▼
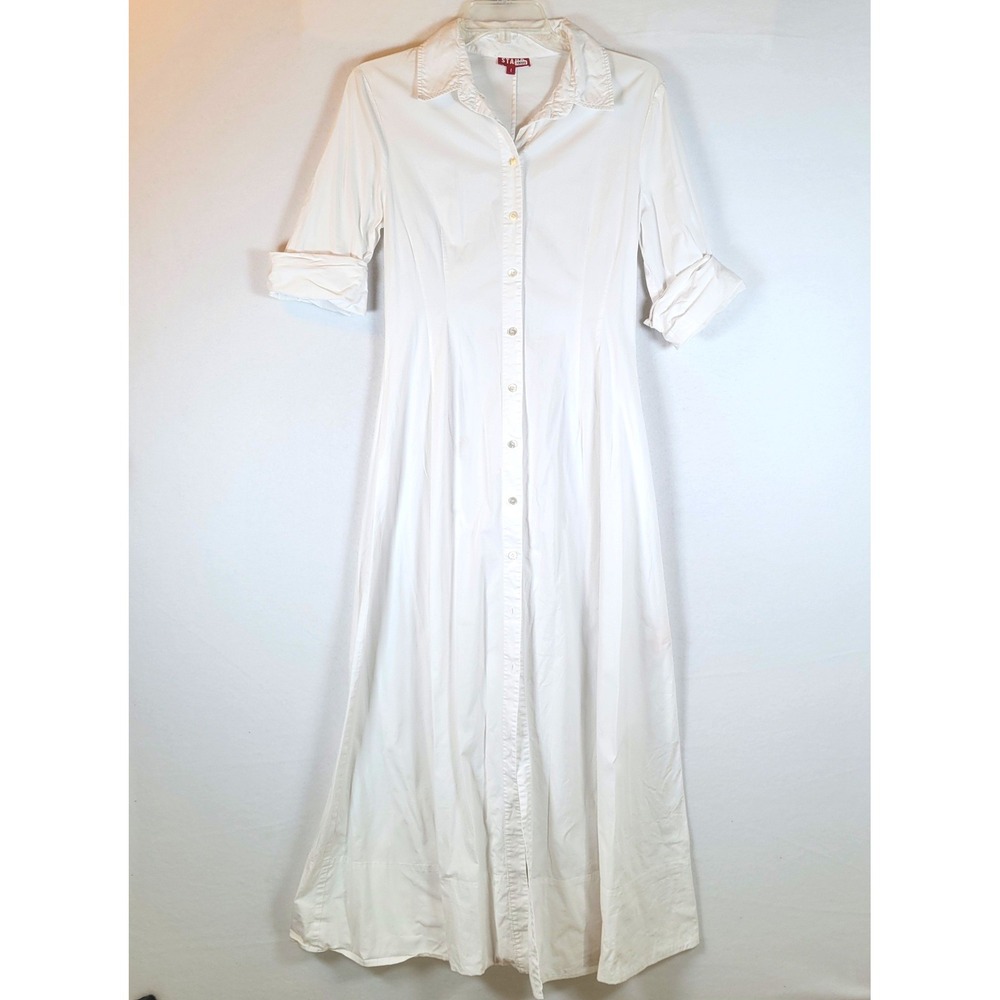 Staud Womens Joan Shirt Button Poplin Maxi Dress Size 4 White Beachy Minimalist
▲
▼
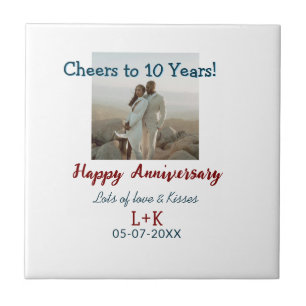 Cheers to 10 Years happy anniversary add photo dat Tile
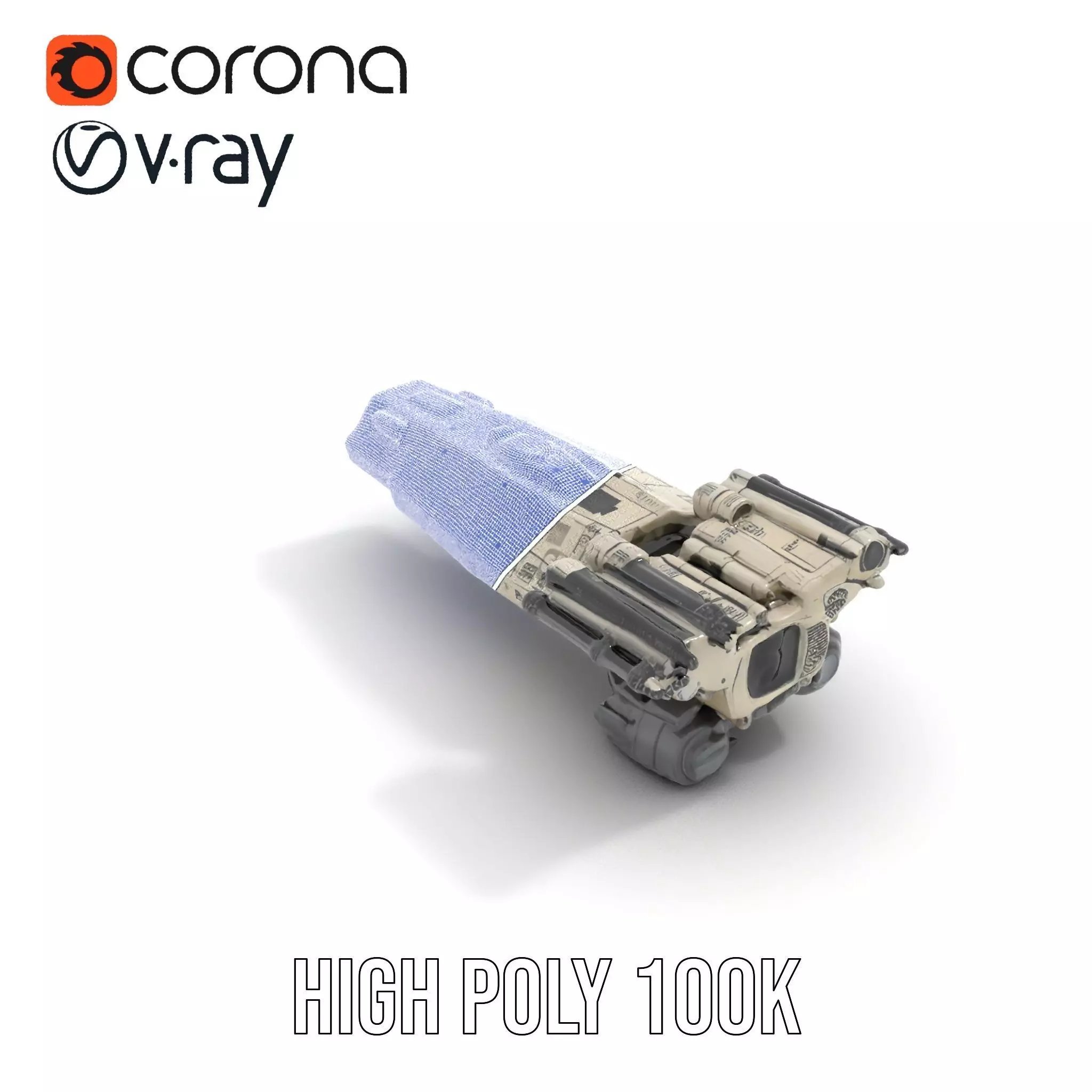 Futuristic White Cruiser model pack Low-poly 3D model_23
▲
After locating the line containing "Cheers to 10" in the entries above, return it and every line after it exactly, ending at the line containing "Futuristic White Cruiser", without pictures.

 Cheers to 10 Years happy anniversary add photo dat Tile
 Futuristic White Cruiser model pack Low-poly 3D model_23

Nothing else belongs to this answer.